Activity
Copy out exactly the lines below that run from the one holding "an aerial view of a houses with a yard" to the one holding "A compact kitchen", keeping both of those lines and no others.

BEGIN

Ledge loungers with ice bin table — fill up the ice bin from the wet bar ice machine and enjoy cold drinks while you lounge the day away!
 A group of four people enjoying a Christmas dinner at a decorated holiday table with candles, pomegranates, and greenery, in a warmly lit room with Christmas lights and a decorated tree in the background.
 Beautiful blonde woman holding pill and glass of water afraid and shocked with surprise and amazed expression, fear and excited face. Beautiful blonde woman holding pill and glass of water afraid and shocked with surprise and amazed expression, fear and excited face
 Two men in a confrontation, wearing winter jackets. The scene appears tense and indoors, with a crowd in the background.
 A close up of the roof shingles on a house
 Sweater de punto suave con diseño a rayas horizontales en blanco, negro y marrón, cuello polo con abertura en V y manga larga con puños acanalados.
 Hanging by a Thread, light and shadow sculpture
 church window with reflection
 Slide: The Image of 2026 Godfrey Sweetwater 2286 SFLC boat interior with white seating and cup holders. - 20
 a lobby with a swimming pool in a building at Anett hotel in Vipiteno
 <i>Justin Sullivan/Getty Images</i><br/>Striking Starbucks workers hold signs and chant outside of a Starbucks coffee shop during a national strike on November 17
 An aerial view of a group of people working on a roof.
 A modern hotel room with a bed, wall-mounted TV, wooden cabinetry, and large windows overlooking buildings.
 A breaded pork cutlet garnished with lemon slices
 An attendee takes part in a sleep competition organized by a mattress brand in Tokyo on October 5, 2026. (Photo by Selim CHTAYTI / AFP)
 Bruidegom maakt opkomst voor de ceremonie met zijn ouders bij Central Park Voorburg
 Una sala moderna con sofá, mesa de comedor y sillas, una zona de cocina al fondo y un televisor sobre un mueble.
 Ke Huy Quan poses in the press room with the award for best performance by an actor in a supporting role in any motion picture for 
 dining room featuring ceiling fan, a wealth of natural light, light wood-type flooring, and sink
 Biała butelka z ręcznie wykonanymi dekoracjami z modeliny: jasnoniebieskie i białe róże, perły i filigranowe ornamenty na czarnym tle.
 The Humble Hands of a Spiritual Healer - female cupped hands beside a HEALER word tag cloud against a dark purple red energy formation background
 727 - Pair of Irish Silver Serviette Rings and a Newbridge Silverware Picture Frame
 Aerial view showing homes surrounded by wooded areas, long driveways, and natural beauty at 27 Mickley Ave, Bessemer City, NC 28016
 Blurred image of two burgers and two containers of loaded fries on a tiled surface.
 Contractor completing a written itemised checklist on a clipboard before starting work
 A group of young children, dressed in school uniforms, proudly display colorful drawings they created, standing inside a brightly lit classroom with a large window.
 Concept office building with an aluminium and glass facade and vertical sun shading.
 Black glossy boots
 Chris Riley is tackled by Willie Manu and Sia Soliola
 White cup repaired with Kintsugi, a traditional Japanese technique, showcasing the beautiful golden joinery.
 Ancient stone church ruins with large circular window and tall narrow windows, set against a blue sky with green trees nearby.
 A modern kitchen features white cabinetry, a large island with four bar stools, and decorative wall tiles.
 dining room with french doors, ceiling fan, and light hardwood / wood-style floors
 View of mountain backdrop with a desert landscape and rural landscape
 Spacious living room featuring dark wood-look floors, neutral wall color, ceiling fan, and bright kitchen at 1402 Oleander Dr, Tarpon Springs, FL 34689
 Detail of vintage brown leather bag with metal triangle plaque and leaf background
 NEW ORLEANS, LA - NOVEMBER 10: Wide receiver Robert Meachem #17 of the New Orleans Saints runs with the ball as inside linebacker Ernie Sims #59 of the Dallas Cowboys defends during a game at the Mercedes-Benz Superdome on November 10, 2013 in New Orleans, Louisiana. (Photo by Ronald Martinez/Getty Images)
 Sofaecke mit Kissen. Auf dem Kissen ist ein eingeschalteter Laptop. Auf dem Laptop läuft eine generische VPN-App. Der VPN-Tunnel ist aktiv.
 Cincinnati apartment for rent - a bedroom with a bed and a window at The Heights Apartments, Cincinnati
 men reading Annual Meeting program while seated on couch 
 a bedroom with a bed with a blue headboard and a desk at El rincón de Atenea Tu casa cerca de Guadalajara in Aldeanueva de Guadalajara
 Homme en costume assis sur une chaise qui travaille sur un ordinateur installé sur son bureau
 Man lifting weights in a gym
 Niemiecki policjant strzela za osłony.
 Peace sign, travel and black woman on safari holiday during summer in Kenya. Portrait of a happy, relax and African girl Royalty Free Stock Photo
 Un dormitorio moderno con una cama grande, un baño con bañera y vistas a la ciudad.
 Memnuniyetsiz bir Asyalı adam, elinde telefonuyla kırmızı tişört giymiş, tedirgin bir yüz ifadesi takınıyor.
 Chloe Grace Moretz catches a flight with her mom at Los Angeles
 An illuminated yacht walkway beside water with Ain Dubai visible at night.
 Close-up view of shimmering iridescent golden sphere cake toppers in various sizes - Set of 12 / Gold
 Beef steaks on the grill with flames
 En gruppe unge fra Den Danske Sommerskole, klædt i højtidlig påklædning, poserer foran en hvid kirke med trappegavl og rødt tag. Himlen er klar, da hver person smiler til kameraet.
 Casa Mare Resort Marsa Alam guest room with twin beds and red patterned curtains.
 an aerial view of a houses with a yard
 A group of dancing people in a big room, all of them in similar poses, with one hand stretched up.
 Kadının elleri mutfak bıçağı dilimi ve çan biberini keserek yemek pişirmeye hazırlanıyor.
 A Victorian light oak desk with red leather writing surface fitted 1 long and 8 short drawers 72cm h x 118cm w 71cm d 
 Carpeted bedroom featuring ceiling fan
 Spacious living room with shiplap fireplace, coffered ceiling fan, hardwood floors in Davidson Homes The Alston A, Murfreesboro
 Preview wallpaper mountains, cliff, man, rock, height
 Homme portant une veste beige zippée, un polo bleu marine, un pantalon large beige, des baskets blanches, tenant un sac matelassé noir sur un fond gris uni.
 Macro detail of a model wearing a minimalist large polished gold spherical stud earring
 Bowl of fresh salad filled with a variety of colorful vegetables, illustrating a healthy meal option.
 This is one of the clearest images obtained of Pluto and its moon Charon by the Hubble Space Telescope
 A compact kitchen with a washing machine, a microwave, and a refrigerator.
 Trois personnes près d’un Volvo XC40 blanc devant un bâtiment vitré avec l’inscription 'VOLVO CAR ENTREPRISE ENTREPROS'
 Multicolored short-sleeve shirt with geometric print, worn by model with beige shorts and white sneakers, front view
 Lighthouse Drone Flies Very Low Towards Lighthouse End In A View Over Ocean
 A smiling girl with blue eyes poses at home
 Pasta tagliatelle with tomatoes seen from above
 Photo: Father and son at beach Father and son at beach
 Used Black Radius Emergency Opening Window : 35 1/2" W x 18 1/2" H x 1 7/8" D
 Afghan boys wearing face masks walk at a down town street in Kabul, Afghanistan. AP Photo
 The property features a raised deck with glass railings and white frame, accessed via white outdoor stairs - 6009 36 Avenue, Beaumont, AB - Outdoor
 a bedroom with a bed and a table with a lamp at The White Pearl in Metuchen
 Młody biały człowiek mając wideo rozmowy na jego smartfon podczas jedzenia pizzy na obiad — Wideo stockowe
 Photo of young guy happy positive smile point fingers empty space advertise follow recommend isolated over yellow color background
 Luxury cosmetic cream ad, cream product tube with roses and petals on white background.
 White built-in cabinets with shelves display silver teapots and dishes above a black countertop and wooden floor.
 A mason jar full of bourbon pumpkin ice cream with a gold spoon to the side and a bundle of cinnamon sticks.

END

Answer space
 an aerial view of a houses with a yard
 A group of dancing people in a big room, all of them in similar poses, with one hand stretched up.
 Kadının elleri mutfak bıçağı dilimi ve çan biberini keserek yemek pişirmeye hazırlanıyor.
 A Victorian light oak desk with red leather writing surface fitted 1 long and 8 short drawers 72cm h x 118cm w 71cm d 
 Carpeted bedroom featuring ceiling fan
 Spacious living room with shiplap fireplace, coffered ceiling fan, hardwood floors in Davidson Homes The Alston A, Murfreesboro
 Preview wallpaper mountains, cliff, man, rock, height
 Homme portant une veste beige zippée, un polo bleu marine, un pantalon large beige, des baskets blanches, tenant un sac matelassé noir sur un fond gris uni.
 Macro detail of a model wearing a minimalist large polished gold spherical stud earring
 Bowl of fresh salad filled with a variety of colorful vegetables, illustrating a healthy meal option.
 This is one of the clearest images obtained of Pluto and its moon Charon by the Hubble Space Telescope
 A compact kitchen with a washing machine, a microwave, and a refrigerator.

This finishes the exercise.